Impact on the cloud service ecosystem

For providers who have not yet taken any steps with regard to the Cloud Act, it could become challenging in individual cases to fulfill the obligations in time. “Changing the technology, adjusting the pricing model, changing the contracts – doing all of that in the remaining time is ambitious,” emphasizes Dr. Eckhardt. “That’s why we at EuroCloud Deutschland have been working intensively since mid-2024 on the Data Act and particularly with the articles on Cloud Switching.”

The Cloud Act is not only relevant for cloud providers themselves but also for their sales and service partners. For example, cloud-native service providers who resell a provider’s services and provide related integration or configuration services can be held accountable by their customers if a switch is pursued. “Insofar as they are at the forefront with customers, cloud natives may appear as providers of data processing services,” the expert explains. There is a risk that “they could end up in an uncomfortable ‘sandwich position’ if the cloud provider supplying the service has not adequately implemented the provisions of the Data Act.”

What makes the implementation of the EU regulation challenging for all parties involved is the “poorly crafted nature of the law,” as Dr. Eckhardt clearly criticizes. The rules on Cloud Switching in the Data Act are not only extensive and sometimes complex, but some of the provisions are also “internally inconsistent, which requires a careful interpretation of the legislative text.”

Time is pressing.

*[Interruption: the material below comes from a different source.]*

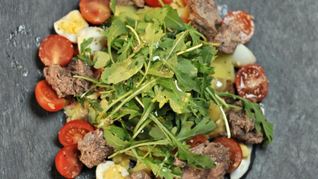 Картофельный салат с печенью трески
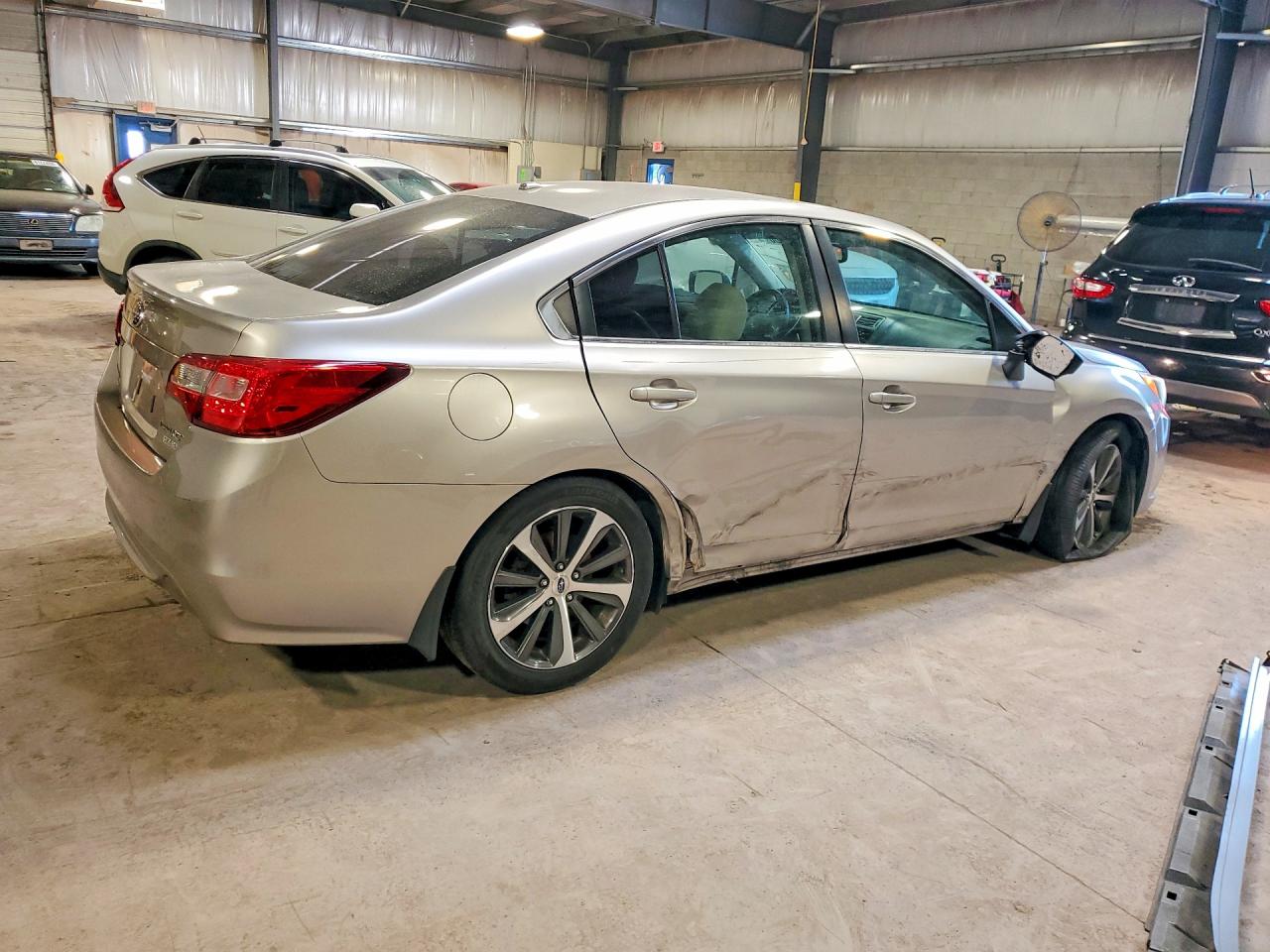 2015 Subaru Legacy 2.5i Limited Gray vin: 4S3BNAN67F3042802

Cloud providers and their partners must thoroughly examine the requirements of the Data Act to be able to act in time. The complexity and partly inconsistent regulations require careful analysis and close collaboration within the industry. Only in this way can a smooth transition be guaranteed and a patchwork of implementation be avoided.

 

As Manager of EuroCloud Deutschland, Michael Hase is responsible for coordination and further development of cloud topics at eco. He joined the association in November 2023. Prior to that, he worked for more than 20 years as an IT journalist and wrote for industry magazines such as IT-Business and CRN. His focus was on the ecosystems within the IT market.